Dentre eles, quatro são reclusos do Complexo Penitenciário da Mata Escura, em Salvador: dois no Centro de Observação Penal (COP), um na Penitenciária Lemos Brito (PLB) e o outro no Presídio Salvado (PS). Todos estão festejando a nova oportunidade de dar uma guinada na vida e aguardam ansiosos pela efetivação das matrículas. O problema é que ainda precisarão driblar alguns entraves antes de garantir o acesso definitivo na universidade (leia mais abaixo).

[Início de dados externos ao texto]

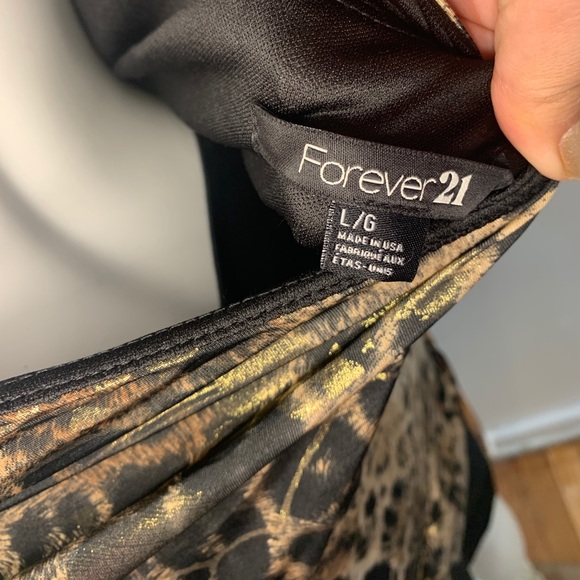 Animal Print Racer Back Tank - Picture 4 of 4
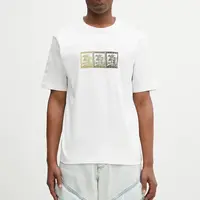 Bavlněné tričko Norse Projects Holger Post Stamp Print T-Shirt bílá barva, s potiskem, N01.0686.0001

O Aratu Online foi até o Conjunto Penal da capital baiana e conheceu de perto esses personagens. Mesmo em privação de liberdade, eles pretendem retornar às salas de aulas em busca de uma graduação. A maioria concordou em conversar com a reportagem, mas foram unânimes — por vergonha, talvez — em não revelar os motivos de suas prisões.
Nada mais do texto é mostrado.